Você foi abordado por representantes de
Paul Bremer [chefe da Autoridade Provisória da Coalizão], que lhe ofereceram
incentivos.
Mas você também foi ameaçado por
supostos emissários de um movimento
bem organizado de resistência do partido Baath [do ex-ditador Saddam Hussein]. Eles o alertaram de que, a menos
que ajude a sabotar qualquer iniciativa
por parte das autoridades norte-americanas, você, sua mulher e seus filhos poderão sofrer graves consequências.
Essas pessoas garantem-lhe que, depois da partida dos americanos, a antiga
liderança voltará a tomar conta do país,
independentemente do que aconteça a
Saddam Hussein, e será impiedosa com
os colaboradores. Dizem-lhe que um
grande número de suicidas em potencial
já foi recrutado e que esses voluntários
explodirão dezenas de soldados americanos a cada semana. Não apenas isso,
dizem, mas também muitos mísseis de
lançamento foram contrabandeados
através da Síria. O uso desses mísseis garantirá que poucos helicópteros americanos levantem vôo. As tropas americanas serão, cedo ou tarde, expulsas das
ruas das cidades iraquianas. Portanto,
mesmo se os americanos ainda estiverem no Iraque daqui a um ano, eles estarão confinados em enclaves, impotentes
para afetar o rumo dos fatos.
Se você acreditar que os americanos
irão, de acordo com as palavras do presidente Bush, manter o controle da situação, você poderá encontrar a coragem
necessária para desconsiderar os alertas
sobre os perigos da colaboração. Mas, se
acreditar que o medo de Bush de ser derrotado nas eleições presidenciais de novembro de 2004 fará com que leve de volta para casa a maior parte das forças
americanas antes da criação de um regime democrático estável, você certamente obedecerá aos líderes da resistência.
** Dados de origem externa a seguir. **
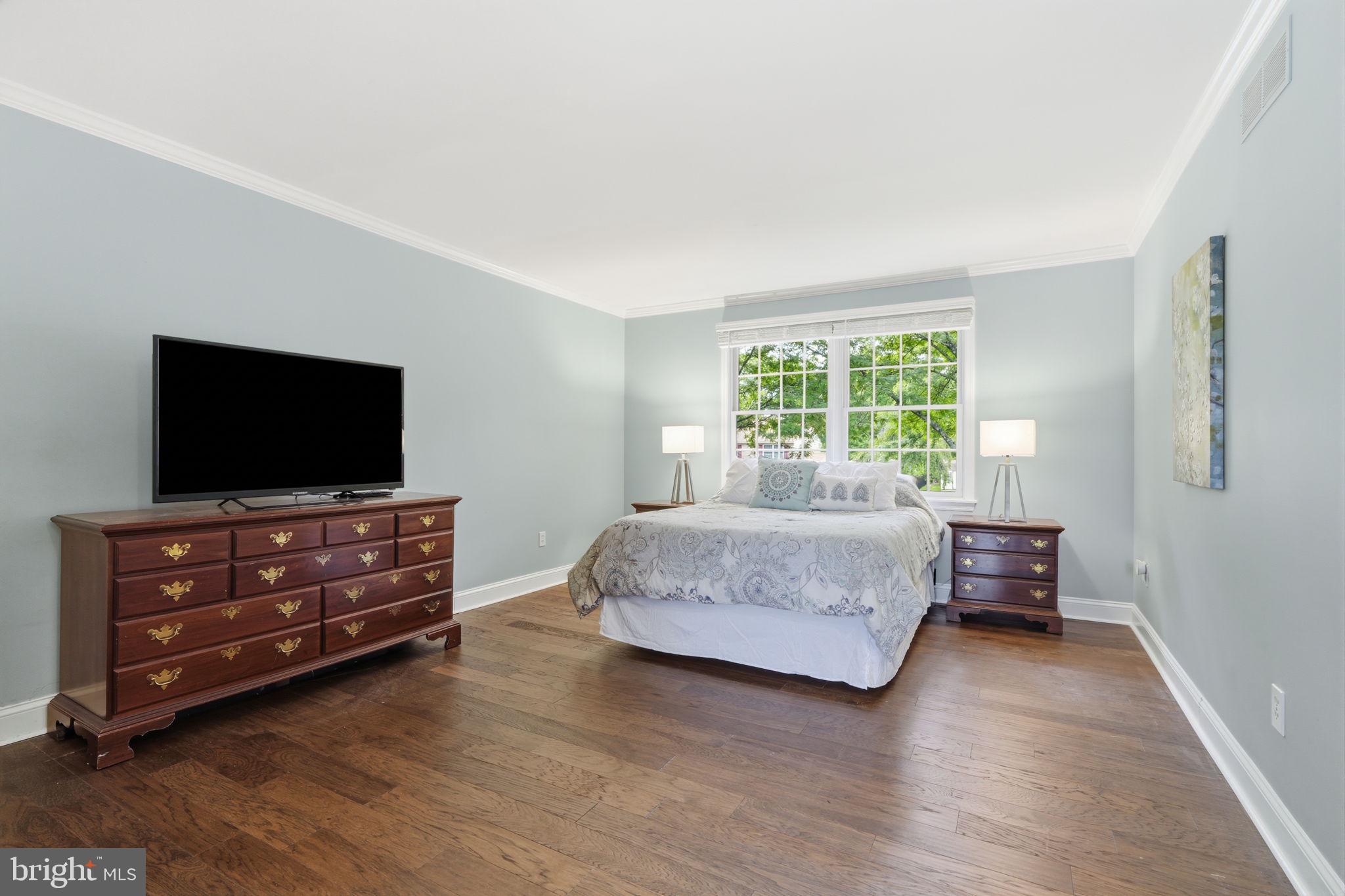 1461 Woodview Road Yardley, PA 19067 - Photo 27 of 40 Primary Bedroom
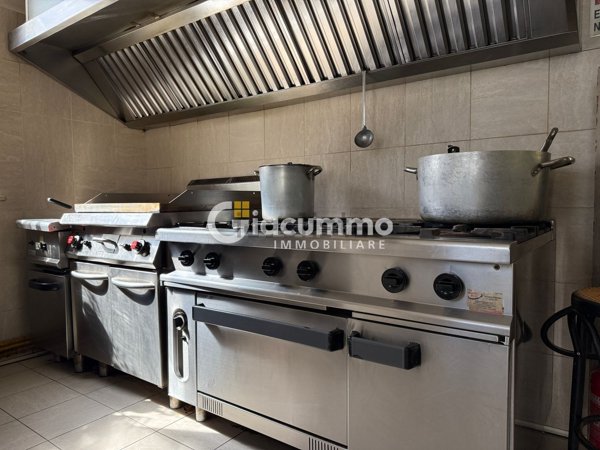 negozio in affitto a Potenza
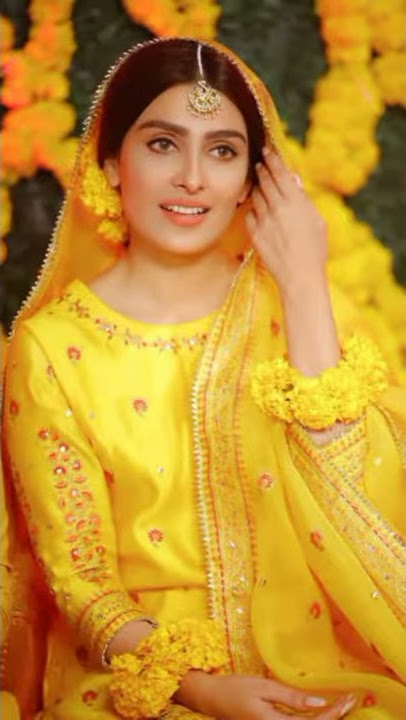 Ayeza khan in drama serial meherposh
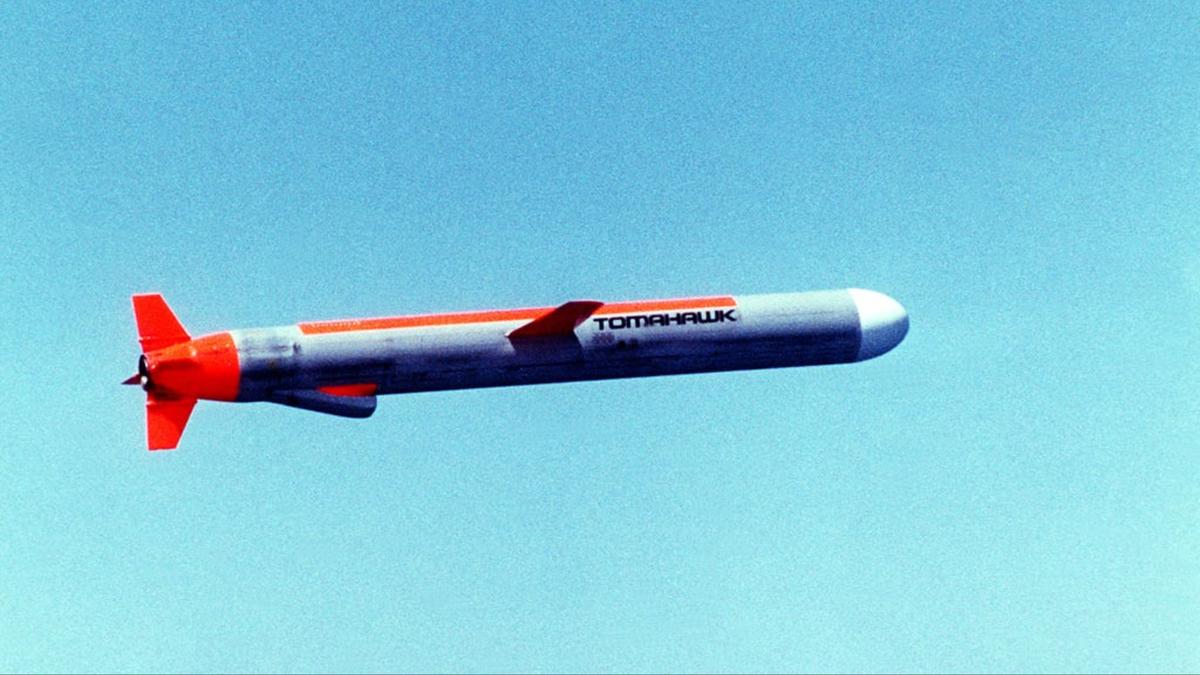 Les États-Unis étudient les demandes ukrainiennes de missiles Tomahawk, un choix qui risque d’aggraver la crise géopolitique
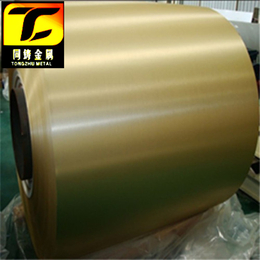 QAI9-5-1-1铝青铜管锻件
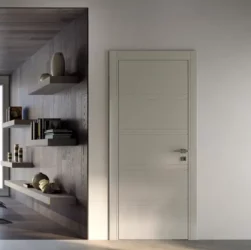 الفرق بين أبواب upvc و wpc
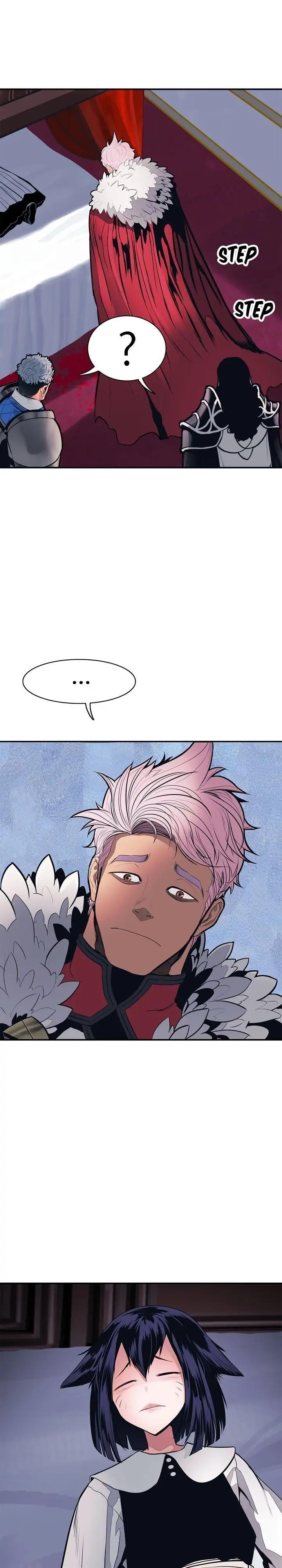 Mookhyang: Dark Lady Chap 45 - Next Chap 46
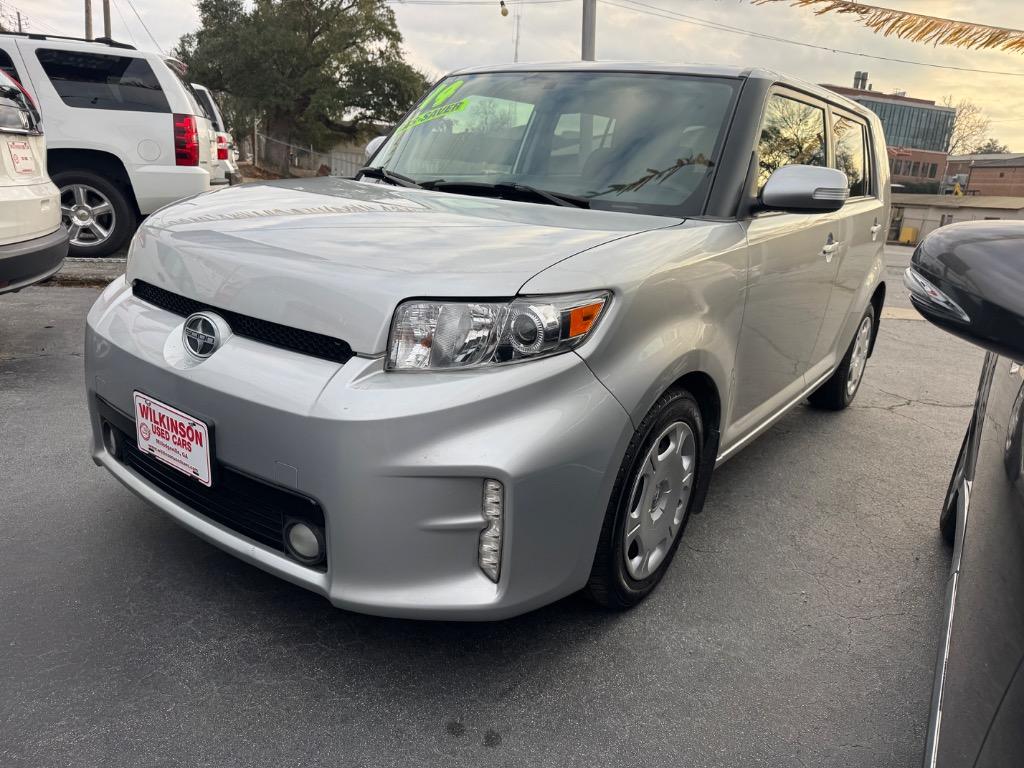2014 Scion xB - $10,995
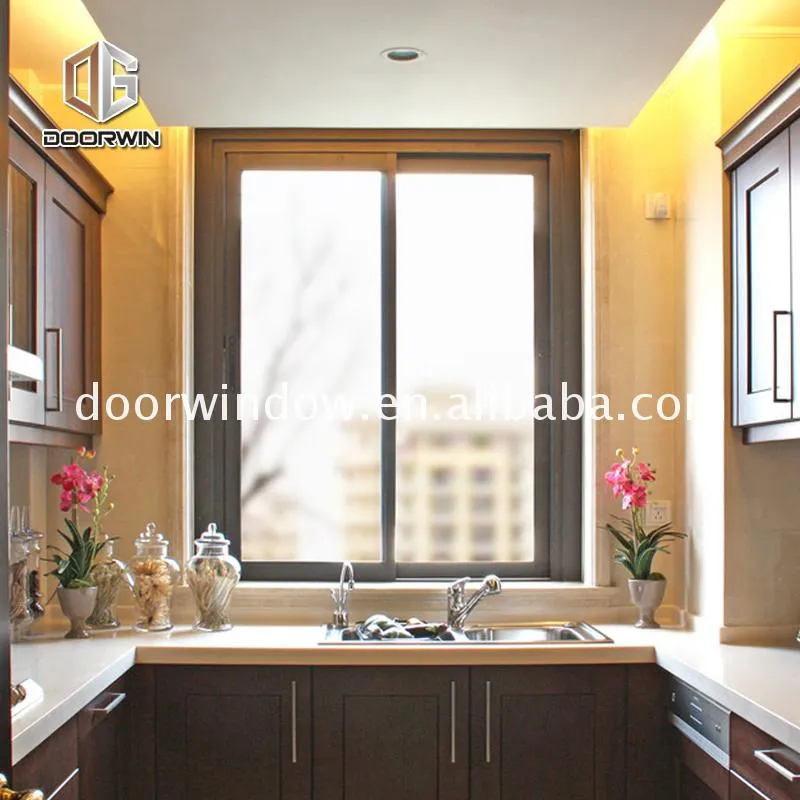 Best Quality sliding window cost brands aluminium manufacturers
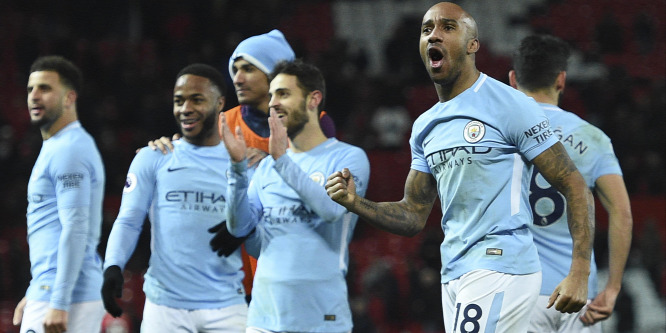 Liverpoolba igazolt a Manchester City focistája
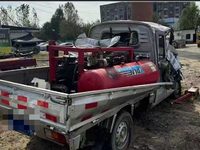 2021 五菱荣光小卡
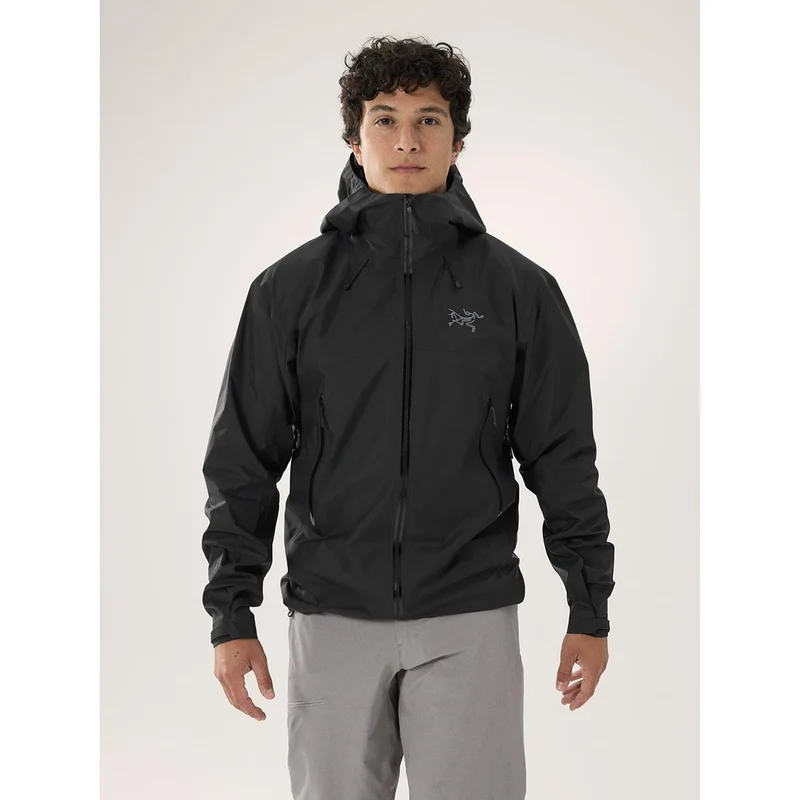 Arcteryx Beta SL Jacket black Herren
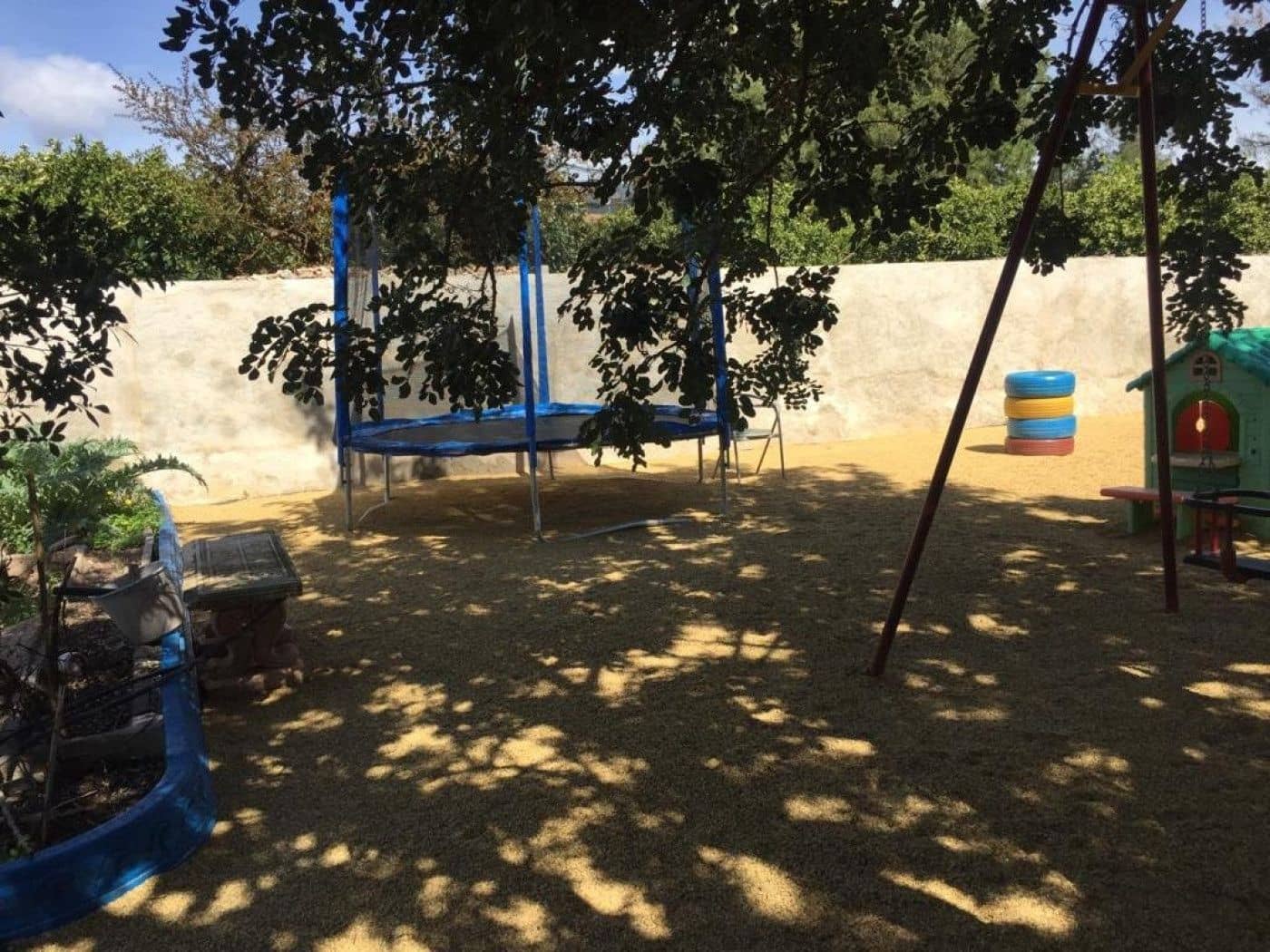 5 soverom Villa til salgs i Totana med svømmebasseng garasje - € 399 990 (Ref: 9282514)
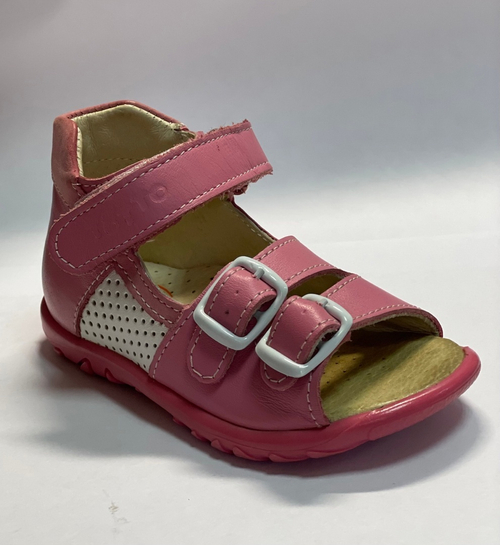 028-1178702 Ортопедическая обувь малосложная без утепленной подкладки для детей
Você gostaria muito de colaborar com
os americanos, porque espera algum dia
poder viver em um país livre e acredita
na sinceridade dos EUA em querer levar
as liberdades da democracia ao mundo
árabe. Mas você não se sente capaz de
prever qual será a atitude do governo
norte-americano. Assim, você coloca em
prática sua fluência em inglês, acessando
todas as fontes de informação disponíveis sobre política e opinião pública
americanas, na esperança de descobrir
como as forças de ocupação poderão
agir diante de diferentes contingências.
Previsão
O que o burocrata iraquiano que eu acabei de descrever encontraria em meio às tentativas de acumular informações suficientes para fazer uma
previsão confiável?
Ele ficaria sabendo que alguns dos líderes do Partido Democrata e um grande
número de democratas no Congresso
querem recusar a verba de bilhões de dólares necessária para apoiar a reconstrução do Iraque. Esses políticos compartilham da opinião dos estudantes de esquerda que fizeram manifestações nas
ruas no início da guerra e que agora
usam broches com os dizeres "tragam
nossos soldados para casa".
No entanto outros líderes democratas,
a maioria de esquerdistas mais velhos,
insistem que essa decisão seria desastrosa. Segundo eles, se o Iraque sucumbir ao
despotismo ou se o Baath algum dia voltar ao poder, os danos ao prestígio americano seriam tão grandes que impossibilitariam os EUA de ser um protagonista do cenário mundial. Eles são a favor de
permanecer pelo tempo necessário para
concretizar as promessas de Bush, apesar de acharem que a guerra foi um terrível engano.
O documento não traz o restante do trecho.